Saturday, January 19, 2008

Gaming the farm program: In the beginning....

As negotiators work to make payment rules we sneaky farmers can't (with ample professional help) subvert, we could be simply echoing ancient rituals from
very, very early "farm programs".
Shmita (Hebrew: שמיטה, literally "release"), also called the Sabbatical Year, is the seventh year of the seven-year agricultural cycle mandated by the Torah for the Land of Israel.

During Shmita, the land is left to lay fallow and all agricultural activity—including plowing, planting, pruning and harvesting—is forbidden by Torah law. Other cultivation techniques—such as watering, fertilizing, weeding, spraying, trimming and mowing—may be performed as a preventative measure only, not to improve the growth of trees or plants. Additionally, any fruits which grow of their own accord are deemed hefker (ownerless) and may be picked by anyone. A variety of laws also apply to the sale, consumption and disposal of Shmita produce.

A second aspect of Shmita concerns debts and loans. When the Shmita year starts, personal debts are considered nullified and forgiven.

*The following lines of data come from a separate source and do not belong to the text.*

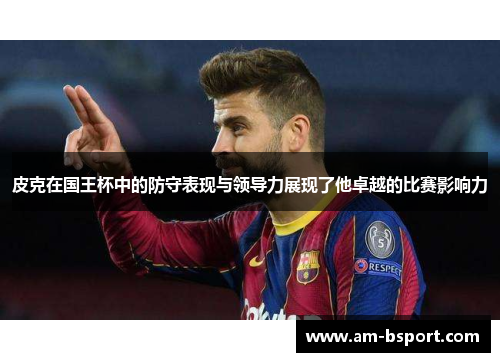 皮克在国王杯中的防守表现与领导力展现了他卓越的比赛影响力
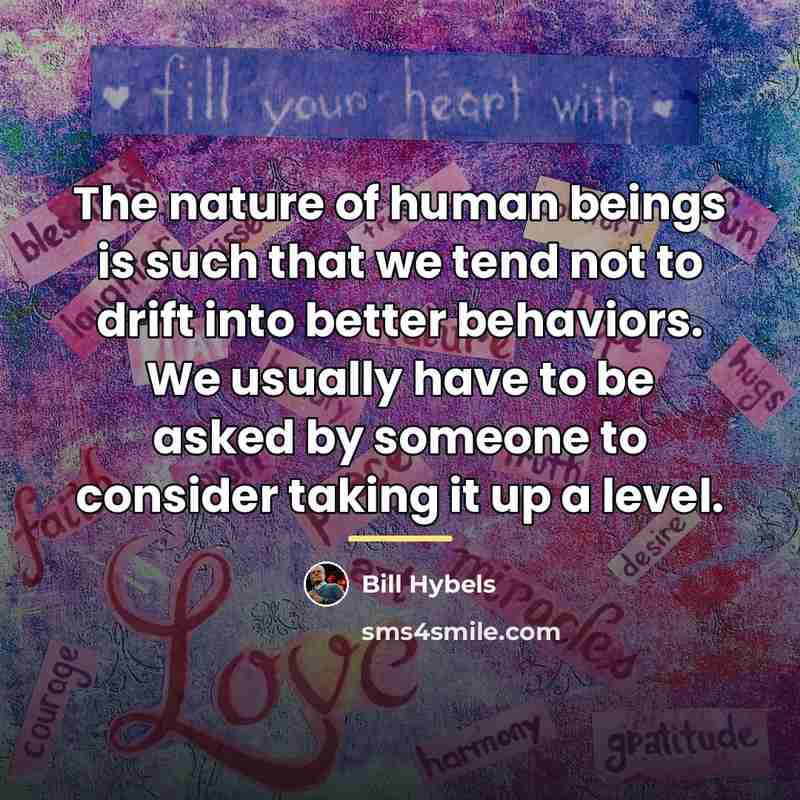 “The nature of human beings is such that we tend…” quote by Bill Hybels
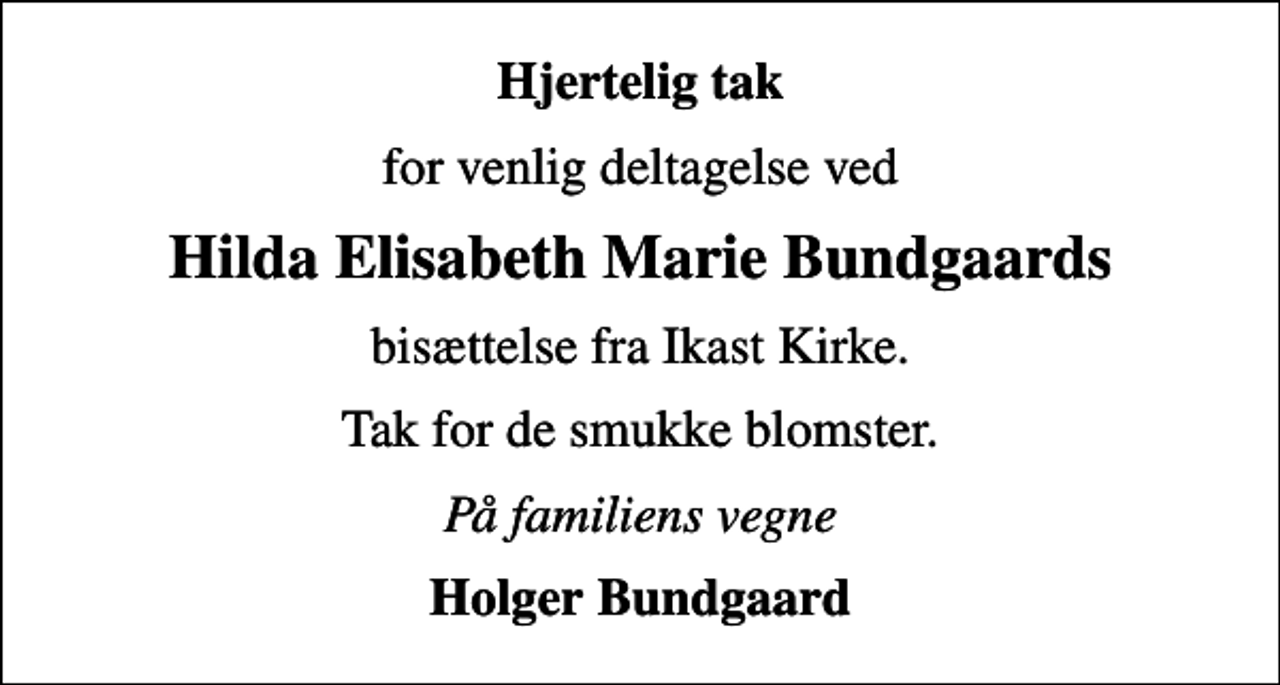 <p>Hjertelig tak<br />for venlig deltagelse ved<br />Hilda Elisabeth Marie Bundgaards<br />bisættelse fra Ikast Kirke.<br />Tak for de smukke blomster.<br />På familiens vegne<br />Holger Bundgaard</p>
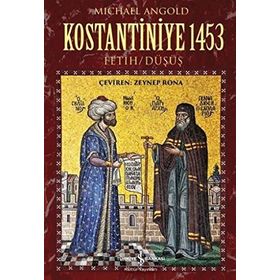 Kostantiniye 1453 Fetih-Düşüş - Michael Angold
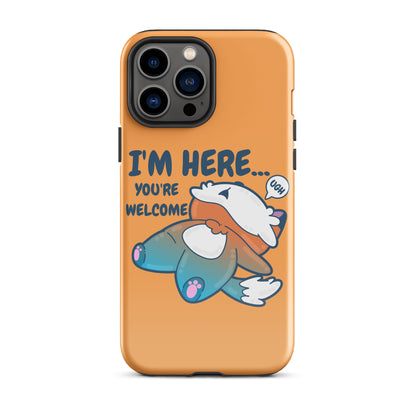 I'M HERE.. YOU'RE WELCOME - Tough Tough Case for iPhone® - ChubbleGumLLC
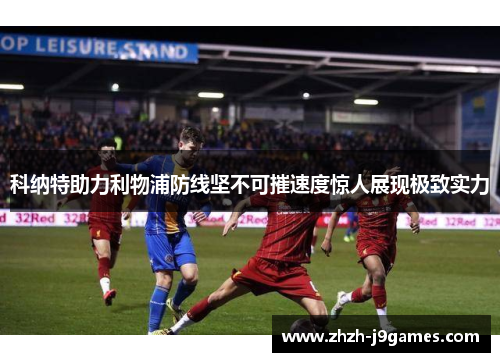 科纳特助力利物浦防线坚不可摧速度惊人展现极致实力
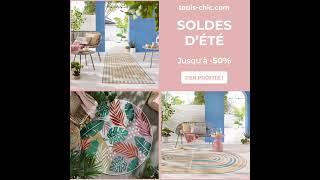 🌟 SOLDES D'ÉTÉ : Jusqu'à -50% de réduction sur Tapis-Chic.com !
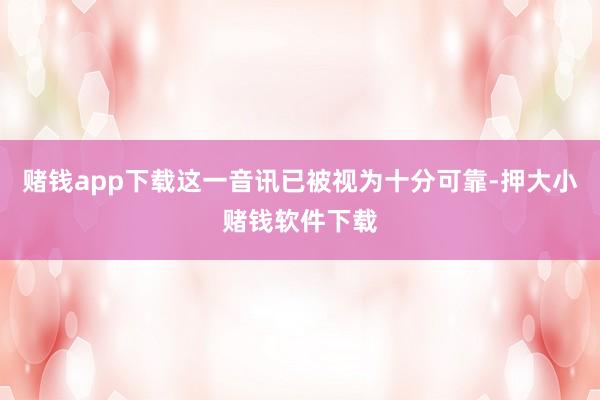 赌钱app下载这一音讯已被视为十分可靠-押大小赌钱软件下载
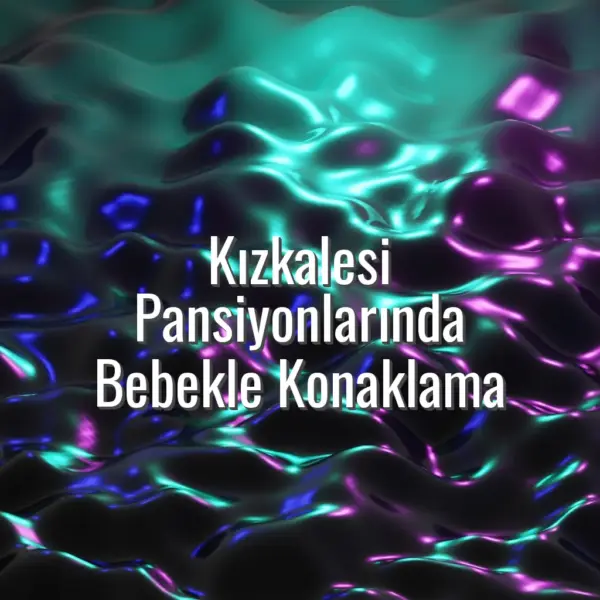 Kızkalesi Pansiyonlarında Bebekle Konaklama - Kızkalesi pansiyonlarında bebekle konaklama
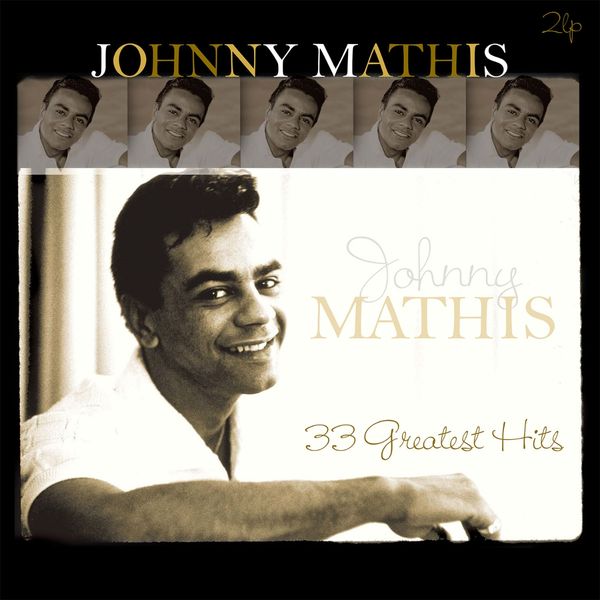 Johnny Mathis: 33 Greatest Hits (Limited Edition) (180g) (... (2 LPs)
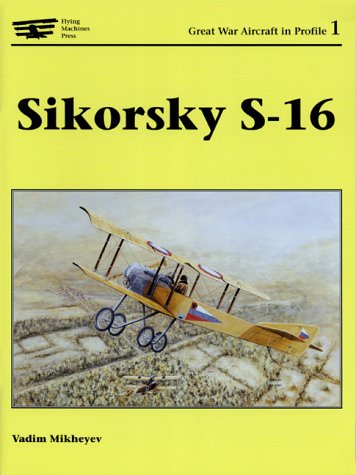 Beispielbild fr Sikorsky S-16 (Great War Aircraft in Profile, Volume 1) (Great War Aircraft in Profile 1) zum Verkauf von Lot O'Books
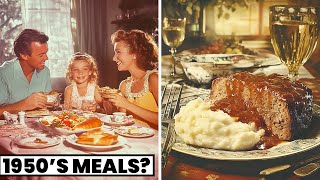 25 Forgotten Meals Every Family In 1950s Ate Weekly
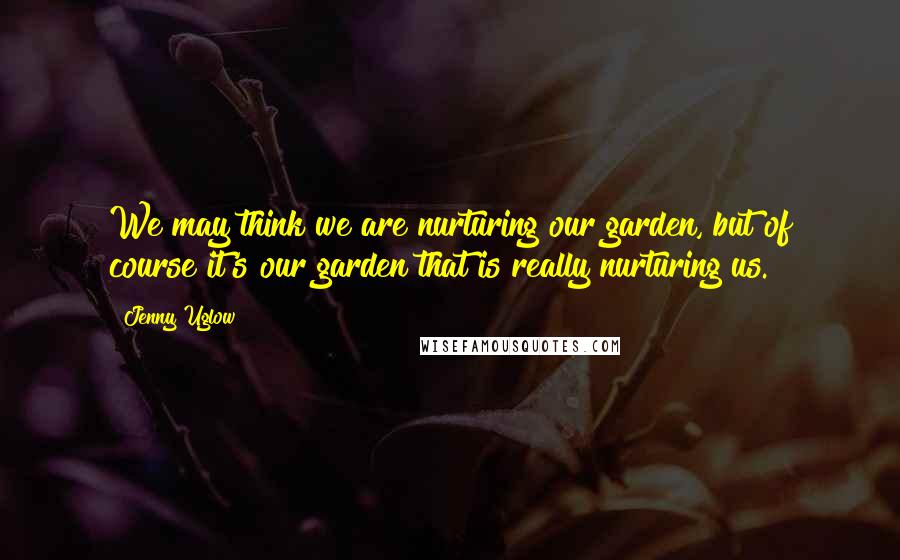Jenny Uglow quotes: We may think we are nurturing our garden, but of course it's our garden that is really nurturing us. Jenny Uglow quotes: We may think we are nurturing our garden, but of course it's our garden that is really nurturing us.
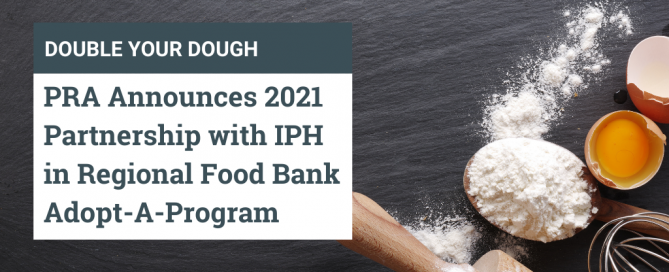 PRA Announces 2021 Partnership with IPH in Regional Food Bank Adopt-A-Program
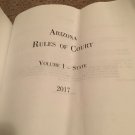 2017 Arizona Rules Of  The Court Volume I Law Paperback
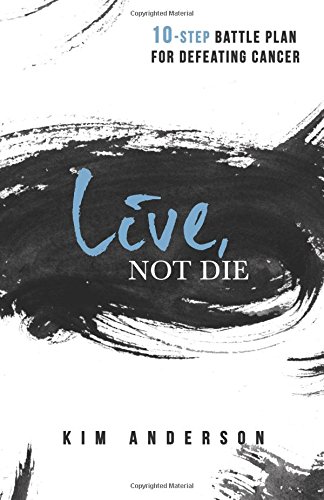 Live, Not Die: 10-Step Battle Plan For Defeating Cancer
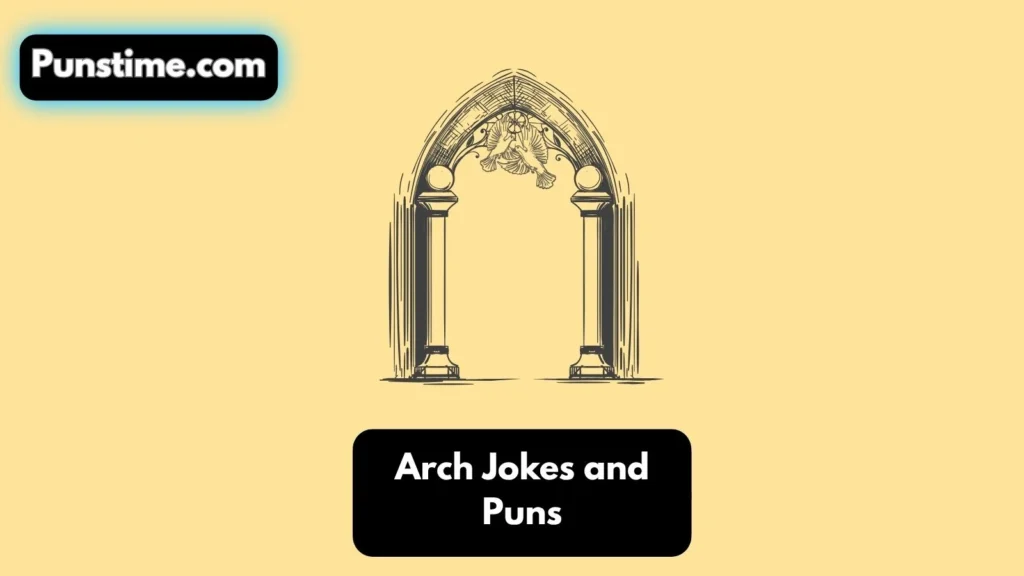 Silly & Sassy Arch Wordplay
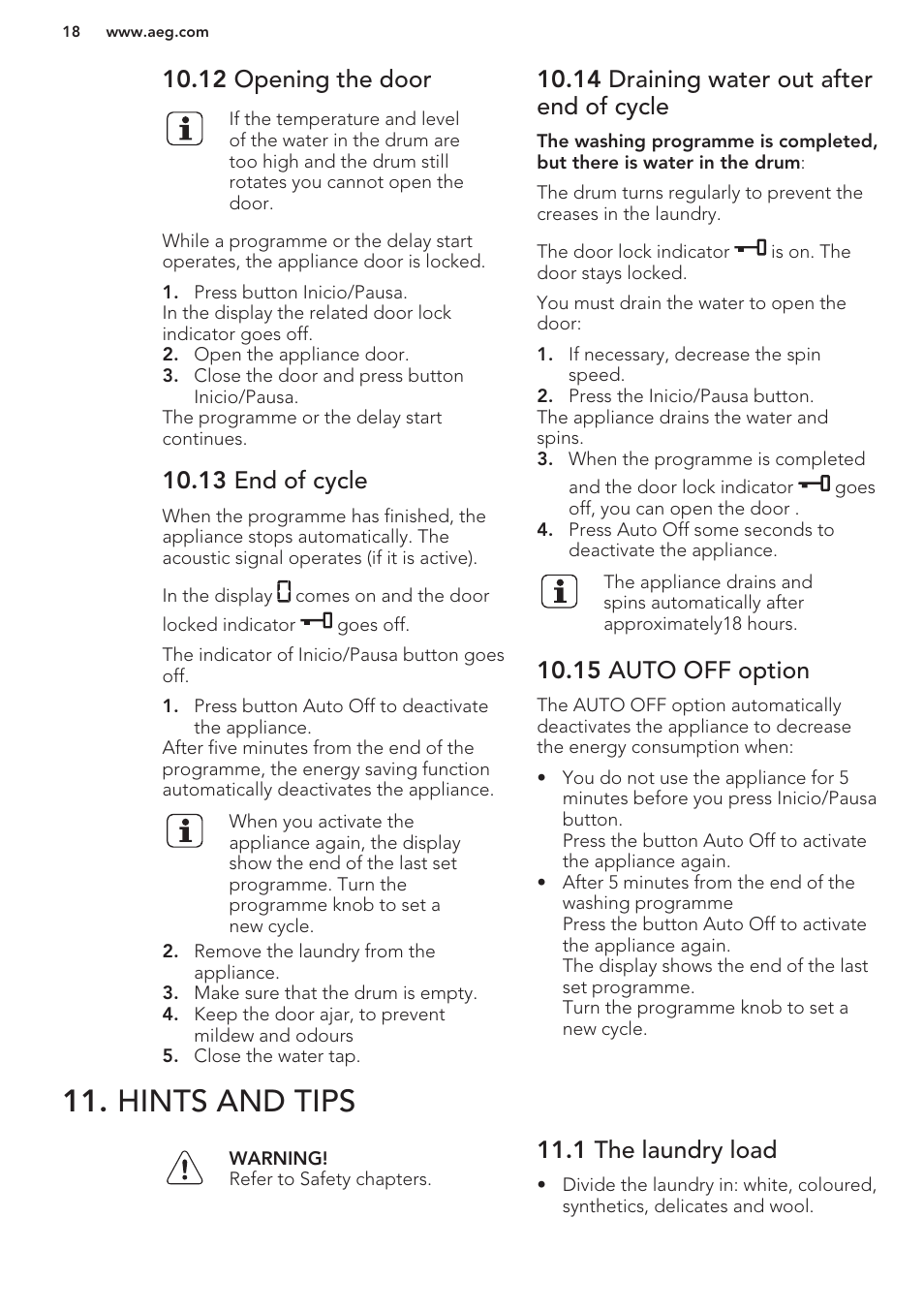 12 opening the door, 13 end of cycle, 14 draining water out after end of cycle | 15 auto off option, Hints and tips, 1 the laundry load | AEG L85275XFL User Manual | Page 18 / 56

The Book of Leviticus promises bountiful harvests to those who observe the shmita and makes observance a test of religious faith.

The rabbis of the Talmud and later times interpreted the Shmita laws in various ways to ease the burden they created for farmers and the agricultural industry. The Heter Mechirah (leniency of sale), developed for the Shmita year of 1888-1889, permitted Jewish farmers to sell their land to non-Jews so that they could continue to work the land as usual during Shmita. This temporary solution to the impoverishment of the Jewish settlement in those days was later adopted by the Chief Rabbinate of Israel as a permanent edict, generating ongoing controversy between Zionist and Hareidi leaders to this day.[1]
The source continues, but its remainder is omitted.